Drop an iPad in the lap of a child and the local news channel will show up.

That’s a jaded assessment of our context right now, but golden ages—especially early on–are less about quality and efficiency than they are a simultaneous enthusiasm and creativity. (One alone isn’t enough.)

A sense of wonder.

Though film has improved dramatically in terms of special effects, photography, cinematography, and fundamental production values since Citizen Kane, film doesn’t wow us the way it did nearly a century ago.

It’s undoubtedly better now, but only because it captured our imaginations then.

And it will be the same with learning technology. In 2014, we suffer from both fetishizing and suspicion—technology worshipers who see it as the savior, and Luddites who see it all as an expensive distraction that keeps us from understanding how people learn.

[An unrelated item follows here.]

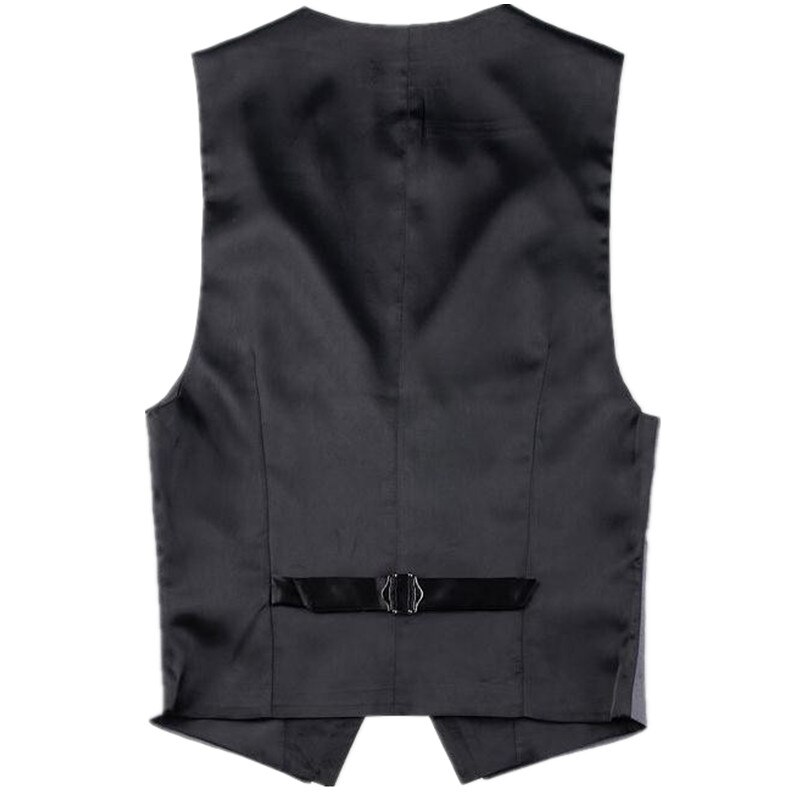 Sort herretøj slank masculino bomuld i britisk stil med én knap ærmeløs jakke vest til mænd jakkesæt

But it is undeniable that the energy and enthusiasm are there. It may just be a matter of creative application and learning model design that seals the deal.

Your Role

Technology in the classroom doesn’t begin to match the way we use it in the “real world” (the classroom and the real world have been dueling agents in ed reform for decades now).

As a society, much of the planet is endlessly fascinated by technology—already smack dab in the middle of the golden age—while education is just now stumbling up to its edge.

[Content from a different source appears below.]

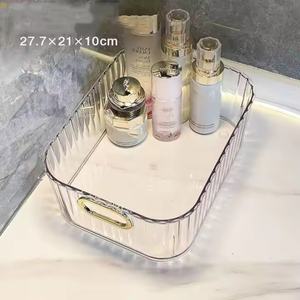 Organizador de Maquillaje de Plástico con Diseño OEM, Contenedor de Cosméticos para Mesa de Maquillaje, Caja Organizadora de Cuidado Facial con Asa - Product Image 2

But you have a role. Keep experimenting. Keep asking tough questions. Keep making mistakes. Never stop asking what will happen if you mix this with that—it’s that sort of playful enthusiasm that catalyzes and characterizes a golden age.

Network with colleagues. Try something new. Listen to your students.

And in 25 years, when education is no longer recognizable from how we see it now, and no longer distinguishable from the living and connecting and creating students do on a daily basis, you can smile knowingly at the role you played in its evolution while the next generation takes their turn—adds their own perspective like every generation has before them.

Approaching The Golden Age Of Learning Technology; Image attribution flickr user agafen

  • Joe Slevin

    If the technology provides the information instead of the teacher/textbook what is changed? Surely W.B. Yeats had it right “Education is about lighting fires not filling buckets.” So the desire to learn becomes key. Yet we know that in class children (teens especially) are obsessed with each other rather than learning. Now they can remain connected to the peers 24/7 so the problem is huge. We also know that many modern parents use technology to ‘entertain’ their children. Many also are so busy being ‘entertained’ or ‘work obsessed’ with email etc. that they put less emphasis on what matters. Yet more parents want their children to have “what I never had” i.e. possessions.

    So what matters? Social and emotional learning/non-cognitive skills. In my book for parents I call it Learning Attitudes. Children with poor ‘self-control’ are poor learners and they disrupt the learning of others. If parents and teachers were using a common language and effective approach to learning attitudes we might make more progress. I have ideas about how to do this but there will never be a clear proof in a few months that it works. (But parents recognise that they are making an impact.) So I suppose we will all remain fixated on data and blaming teachers for not making their lessons interesting enough!

    • terryheick

      Send me an email–terry at teachthought dot com. Interested to hear more.

  • kwalsh1

    Well said Terry! You capture very eloquently where we are and where we are going. I too see us on the precipice, turning the corner from fear/frustration to acceptance and increased experimentation, working to find the best ways to balance and leverage the incredible on-demand learning and so much more that is enabled by the Internet, with the touch and care that only a good teacher can deliver.